This morning I delivered a talk to visiting high school students at the SAS campus. The topic: using SAS to analyze Twitter content
Being teenagers, high school students are well familiar with Twitter. But this batch of students was also very familiar with SAS, as they all have taken SAS programming as a course within their schools. (In fact, at least one of the students had earned a SAS certification!)
The organizers of today's program had asked me to keep it very interactive, so I left it to the students to help select what topic we would search for and then analyze from Twitter.
Before we began, I warned them. "This is the Internet," I said. "Participants on Twitter don't always use words that are acceptable in polite conversation. If any bad words appear on the screen during our exercise, I'm going to behave just like I do when it happens in front of my young daughters at home: I'm going to pretend that it's not there."
(However, knowing that I was scheduled to present this morning, I did take precautions and asked Twitter to watch its mouth.)
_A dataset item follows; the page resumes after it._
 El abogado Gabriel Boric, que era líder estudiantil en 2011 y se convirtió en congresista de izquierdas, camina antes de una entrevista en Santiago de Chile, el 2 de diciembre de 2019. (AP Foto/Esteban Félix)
The students offered several great suggestions of trending topics on Twitter; in the end we settled on #Thor (as in, god of thunder), which should provide interesting content thanks to an imminent theatrical release. (Hence, my "hammer time" title on the blog. Get it?)
And that's when I did something I've never done before. I showed SAS program code to high school students. And they understood it.
After a brief description of some of the key statements and constructs, we ran the program to retrieve 1000 tweets that were tagged #Thor (presumably mostly about the movie, but who knows? Maybe Odin is out there promoting his brand.)
We ran a frequency chart (using the SGPLOT procedure) to show the distribution of tweets over the past 90 hours. Looks like there was a spike in activity around midnight EDT. One student guessed: A new trailer being promoted, perhaps?
Because Twitter content is unstructured text data, we can use what we know about Twitter "conventions" and parse out some extra information, such as how many of the tweets are retweets, and who was the original "tweeter"? We used DATA step and regular expressions to identify the retweets, and then ran a frequency analysis (FREQ) to identify the accounts who had the most retweeted content.
We noticed that @Marvel dominated the conversation, at least for our small sample. I guess it makes sense that they have a vested interest, since they "own" the Thor character. And @DrPepper had quite a lot to say. We guessed that maybe the soft drink is a sponsor for the film and we'll see a few cans of Dr. Pepper on the big screen? (I checked later and it looks like, yes indeed, Thor is a Pepper - wouldn't you like to be a Pepper too?)
I couldn't have been more pleased with how this session went. Together, the students and I used our SAS programming skills and critical thinking to investigate a topic, and we learned things that we didn't know before. We gathered raw data that we had never seen before, and we turned it into information. And that is a life skill that will never go out of style.